▸ **Required work**
Can you print the data exactly and leave out each image?

▸ **Task input**

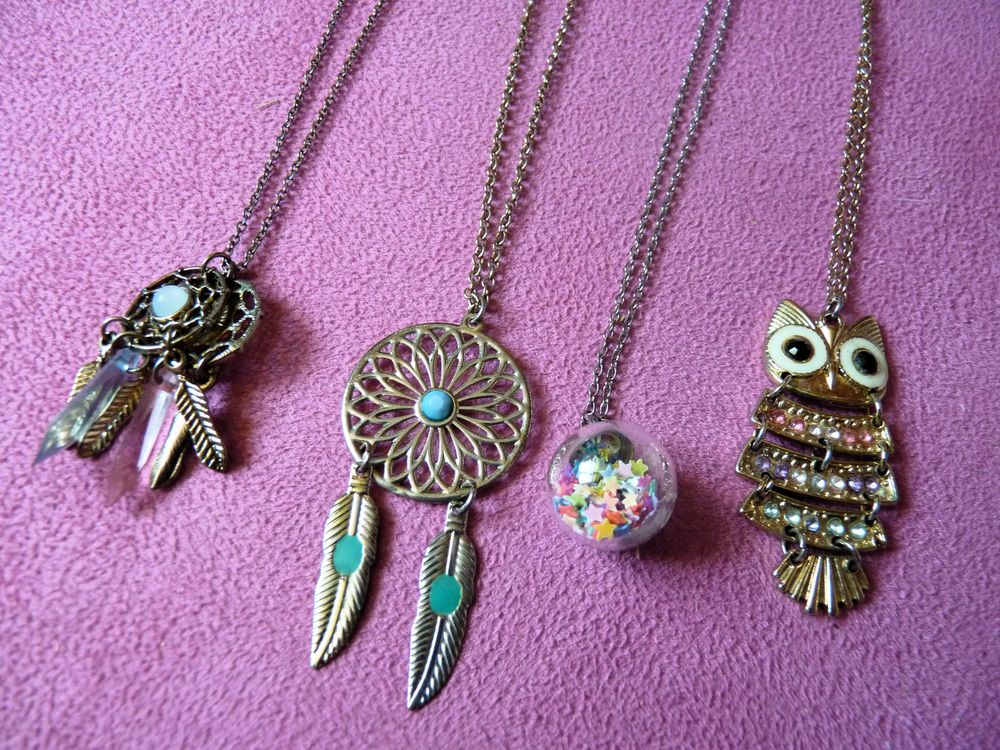 Lot bijoux collier fille claire's bracelet boucles d'oreille Bijoux et montres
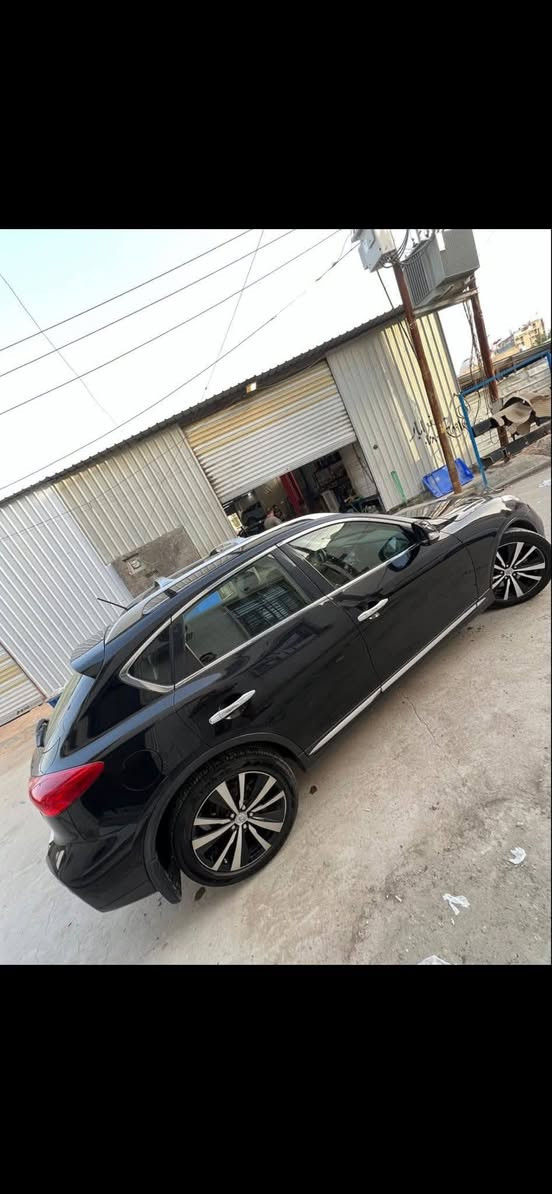 QX50 
2017
140$
مكان بغداد ***********
وارد امريكي جاملغ السايق وعكس السايق مصلحات نفسهن
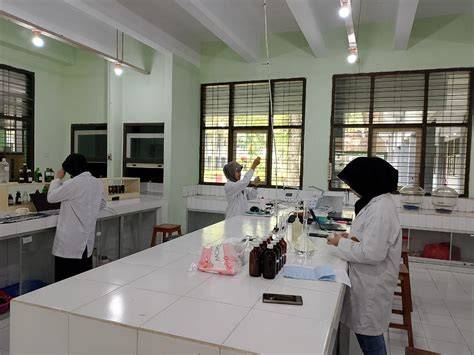 Kimia Analitik lab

▸ **Result of this exercise**
 Lot bijoux collier fille claire's bracelet boucles d'oreille Bijoux et montres
 QX50 
2017
140$
مكان بغداد ***********
وارد امريكي جاملغ السايق وعكس السايق مصلحات نفسهن
 Kimia Analitik lab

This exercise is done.